Will AI Replace Think Tanks? That Is the Wrong Question.

12 min read

I analyzed 49 roles across the think tank and policy research sector.

The conclusion is not simply that “AI will replace think tanks.”

That question is too broad, and in many ways too abstract.

The more useful question is much closer to home:

If you work in a think tank, a policy research institute, a public affairs team, a foundation, a consulting firm, an international organization, or a government research unit, is your own role at risk of being replaced?

The answer depends on one thing above all:

Are you producing judgment, or are you processing information?

If your daily work consists mainly of reading reports, collecting materials, writing summaries, preparing slide decks, editing press releases, running basic data analysis, generating charts, drafting social media posts, or preparing early versions of grant proposals, then AI is no longer a future threat. It is already capable of doing a large share of your work.

But if your work involves defining the problem, assessing whether a policy is feasible, understanding stakeholders, building trust with decision-makers, making trade-offs in complex situations, and taking responsibility for the consequences of a recommendation, your risk is much lower.

This means the impact of AI on the think tank sector will not be evenly distributed.

Within the same industry, some roles will be compressed quickly. Others may become more important.

The 49 roles I analyzed fall into nine broad categories: research management, policy research, economic research, social research, international and security studies, data and quantitative analysis, communications and influence, fundraising and operations, and emerging AI-driven policy roles.

The overall estimated replacement exposure across the sector is around 28–38%.

On the surface, that number does not look especially high.

But averages can be misleading.

The estimated replacement exposure for a social media policy communications specialist is 75–85%.
For a policy data scientist, it is 65–75%.
For a grant proposal specialist, it is 60–75%.
For a public opinion polling analyst, it is 60–70%.
For a research publications editor, it is 55–70%.

At the same time, the risk for a think tank director is only 5–10%.
For a senior policy adviser, 15–20%.
For a foreign policy adviser, 10–20%.
For a military and security analyst, 15–25%.
For an AI ethics policy specialist, 15–25%.

So this is not really a story about whether AI will replace think tanks.

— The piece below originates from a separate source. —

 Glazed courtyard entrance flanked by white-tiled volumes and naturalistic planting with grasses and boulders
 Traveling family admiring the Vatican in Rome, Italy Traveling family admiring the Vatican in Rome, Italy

It is a story about which tasks are being stripped away, and which people will still be needed after that happens.


The Four Questions That Matter More Than Your Job Title

When assessing the risk to your own role, do not start with your job title.

Titles can be misleading.

A “policy analyst” may be relatively safe, or highly exposed.
A “data scientist” may sound technically advanced, but in some think tank settings that role can be surprisingly vulnerable.
A “communications officer” may be reduced to a smaller content-production function, or may become one of the institution’s most important guardians of political context.

The real test lies in four questions.

The first question is: Who defines the problem?

If someone else has already defined the question, and your role is simply to gather materials, summarize evidence, run a model, or draft the first version of a document, AI can enter that workflow very easily.

But if your role is to decide whether the question itself has been framed correctly, your value is much higher.

The second question is: Is your output standardized text?

Briefings, summaries, press releases, social media posts, grant applications, meeting notes, data explanations, policy scans — all of these are highly exposed to AI.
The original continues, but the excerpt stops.